# PDF MCP Server
An MCP server that enables reading PDF file contents, allowing PDF documents to be used as a knowledge base for LLMs.
## Features
- **High-Quality Extraction**: Uses [marker-pdf](https://github.com/VikParuchuri/marker) (via a Python backend) to extract text with layout awareness and high-fidelity LaTeX equation recognition.

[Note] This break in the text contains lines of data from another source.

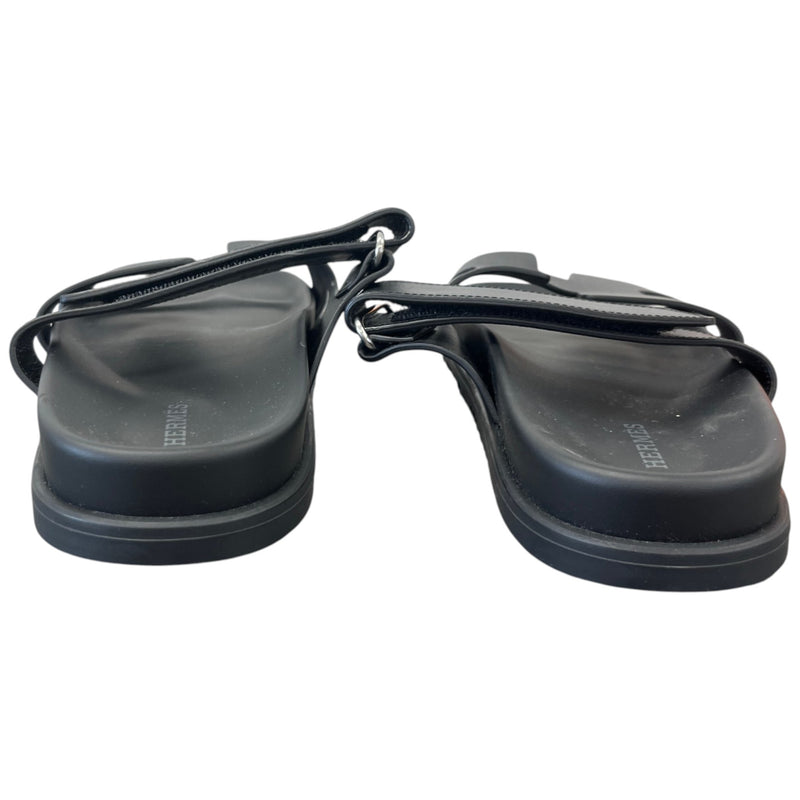 Women's Chypre Sandals Black Size UK 6 / EU 39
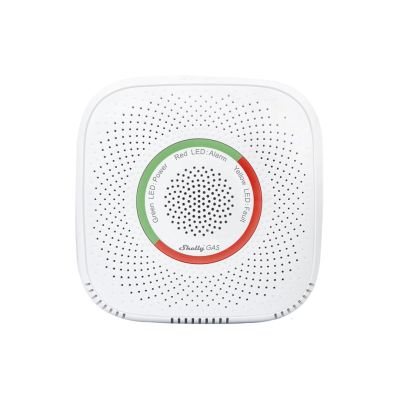 5. Shelly Gas LPG gas detector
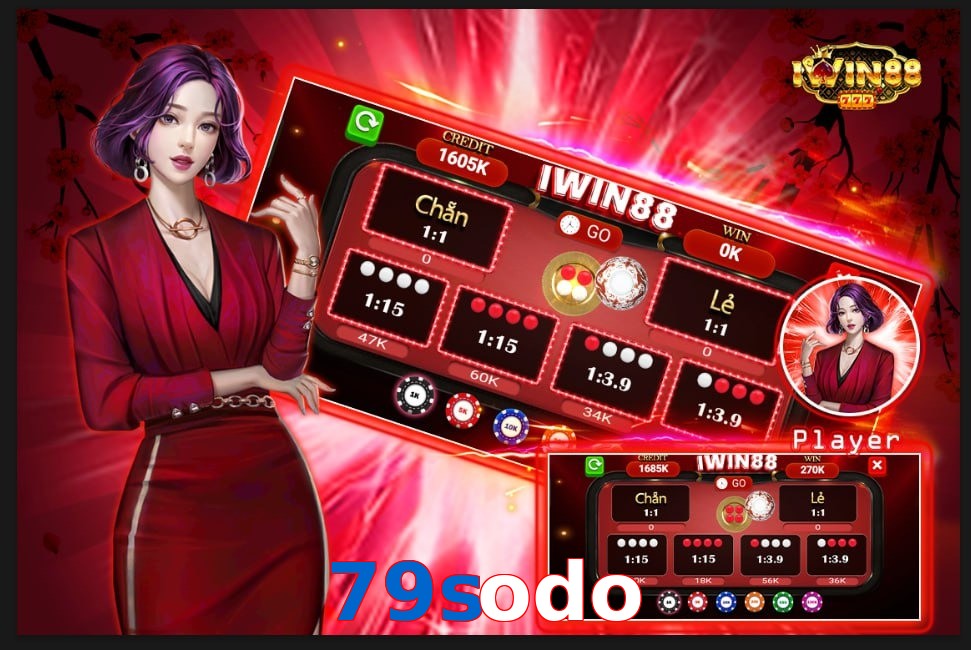 79sodo
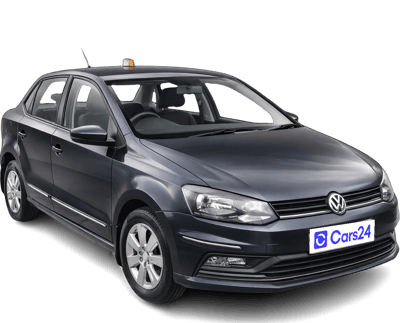 2016 Volkswagen Ameo - Sedan - Diesel - Manual - ₹2.70 lakh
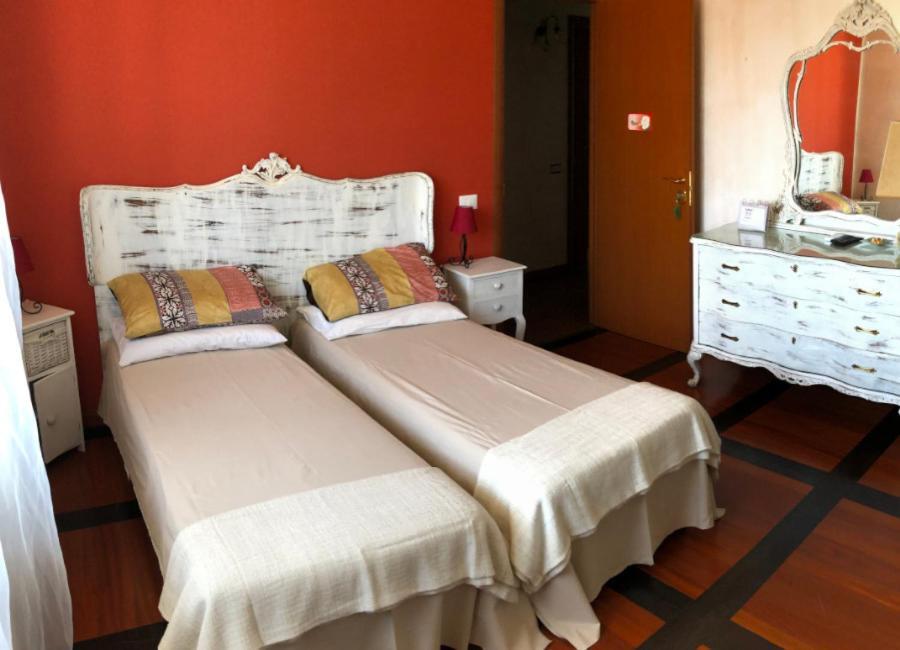 B&B Via Roma Cesate Екстериор снимка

- **Robust Fallback**: Automatically switches to a Node.js-based parser (`pdf-parse`) if the Python environment is unavailable or fails, ensuring extraction always succeeds (albeit with lower formatting quality).
- **Smart Filtering**: Supports page range extraction to process only relevant sections of large documents.
## Installation
### Prerequisites
- **Node.js** (v18+)
- **Python** (v3.10+) and `pip` (for high-quality extraction)
### Setup
1. **Install Node.js dependencies:**
```bash
npm install
```
2. **Install Python dependencies (Recommended):**
To enable high-quality extraction (especially for scientific papers with math), install the Python dependencies.
```bash
# Create or activate a virtual environment if desired
python3 -m pip install -r python/requirements.txt
```
> **Note:** The first time you run the tool with the Python backend, it will download necessary AI models (OCR, layout analysis, etc.) to a local cache. **This download is approximately 3.3GB.** Ensure you have a stable internet connection.
3. **Build the server:**
```bash
npm run build
```
## Usage
### Configuration for Claude/MCP Clients
Add this to your MCP settings configuration:
```json
{
"mcpServers": {
"pdf-reader": {
"command": "node",
"args": ["/absolute/path/to/mcpPdf/dist/index.js"],
"env": {
// Optional: Override where python is found if not in venv or path
// "PYTHON_PATH": "/path/to/python"
}
}
}
}
```
### Tool: `read_pdf`
Reads and extracts text content from a PDF file.
**Inputs:**
- `path` (string): Absolute path to the PDF file.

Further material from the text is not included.